Israeli Prime Minister Benjamin Netanyahu has praised Palestinian president Mahmud Abbas for condemning the alleged kidnapping of three teenagers by Hamas, but criticised his unity pact with the Islamist movement.

Netanyahu spoke on Tuesday as Israel began to wind down a huge crackdown on Hamas, having arrested hundreds in an operation to find the youngsters who went missing in the southern West Bank nearly two weeks ago.

The Jewish state was coming under increasing international pressure to use restraint in its manhunt, after Israeli raids across the West Bank killed four Palestinians.

"I appreciate what president Abbas said a few days ago in Saudi Arabia, rejecting the kidnapping," Netanyahu told his Romanian counterpart Victor Ponta at a meeting in Jerusalem.

"I think these were important words," he said.

Abbas condemned the alleged kidnapping, telling a meeting of the Organisation of Islamic Cooperation that "those who kidnapped the three teenagers want to destroy us".

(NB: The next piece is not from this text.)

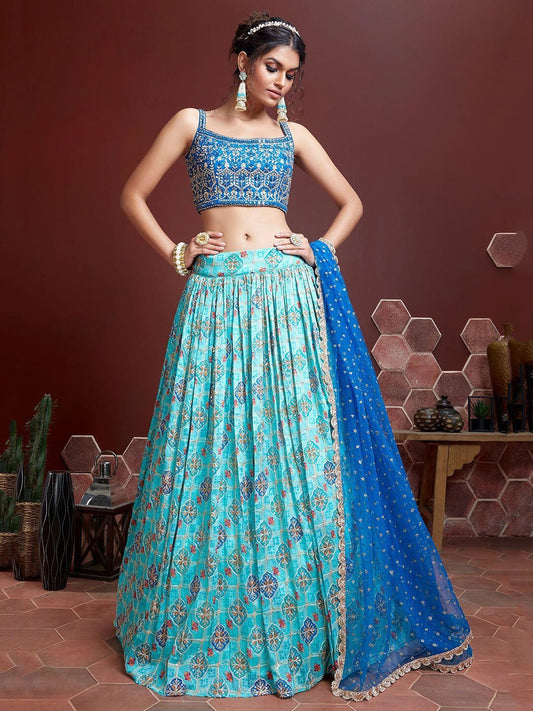 Blue &; Pink Embellished Semi-Stitched Lehenga & Unstitched Blouse With Dupatta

"We will hold them accountable," he said, but stopped short of blaming Hamas.

Israel immediately accused its Islamist foe of kidnapping the youngsters, who went missing on June 12 at a hitchhiking spot near the city of Hebron.

The Jewish state has used that as a pretext to uproot the Islamist movement's West Bank network, arresting 354 Palestinians, 269 of them Hamas members, according to the army.

Hamas has not claimed an abduction, and Israel has provided no evidence for its involvement.

Abbas has pledged to continue security coordination with Israel, which he said was in Palestinians' "best interest" since it would "help protect us".

Israel seized on the opportunity presented by the operation to try to rupture a reconciliation agreement between Abbas and Hamas, under which the two sides formed a merged administration for the West Bank and Gaza earlier this month for the first time in seven years.

In remarks aired Tuesday, Hamas chief Khaled Meshaal told Al Jazeera television that "we do not have information about what happened," but stressed his support for "every resistance attack against the Israeli occupation".

Afterwards, Netanyahu reiterated that if Abbas "is truly committed to peace and to fighting terrorism, then logic and common sense mandate that he break his pact with Hamas".

Defence Minister Moshe Yaalon said Israel was beginning to wind down its arrest operation, which has cost the lives of four Palestinians and sparked public anger in the West Bank.